Disease

Scarlet Fever – England

The age-old killer scarlet fever is on the rise in England and East Asia, according to research published Monday in The Lancet Infectious Diseases journal, and investigators don’t know why.

Since 2009, cases have been steadily increasing in several East Asian countries, including Vietnam, South Korea, Hong Kong and mainland China.

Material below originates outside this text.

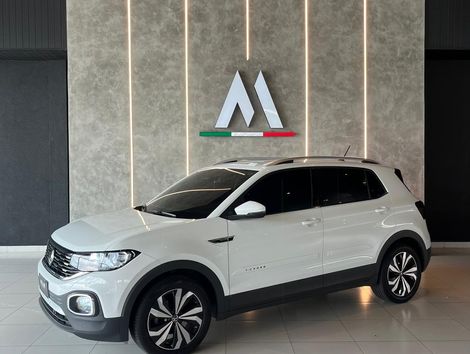 VolksWagen T-Cross Hig. 250 TSI 1.4 Flex 16V 5p Aut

An outbreak then hit England, where cases tripled in one year, from 4,700 in 2013 to 15,637 in 2014. Infections continued to rise to nearly 20,000 in 2016, a 50-year high for the United Kingdom, according to the analysis.

Typhoid – Zimbabwe

Since the beginning of Oct. 2017, Zimbabwe has seen more than 1,000 typhoid fever cases in and around the capital city of Harare. Reports indicate however, that the incidence of new cases is declining.

Lassa Fever – Liberia

Since the beginning of the year, the Liberia Ministry of Health has reported a total of 70 suspected Lassa fever cases including 21 deaths (case fatality rate 30%) from nine counties in Liberia. Out of this, 28 cases have been confirmed as Lassa virus infection, including 10 deaths from six counties.

Rabies – Florida, USA

Last month, a human rabies case and fatality was reported in Highlands County, the first human case of rabies acquired in Florida since 1948.

Today, the Florida Department of Health reported that from Jan. 1 to Sep. 30, 60 animal rabies cases were reported across the state. Twenty-six cases were reported in raccoons, followed by bats (16), cats (9), foxes (6), skunks (2) and one dog.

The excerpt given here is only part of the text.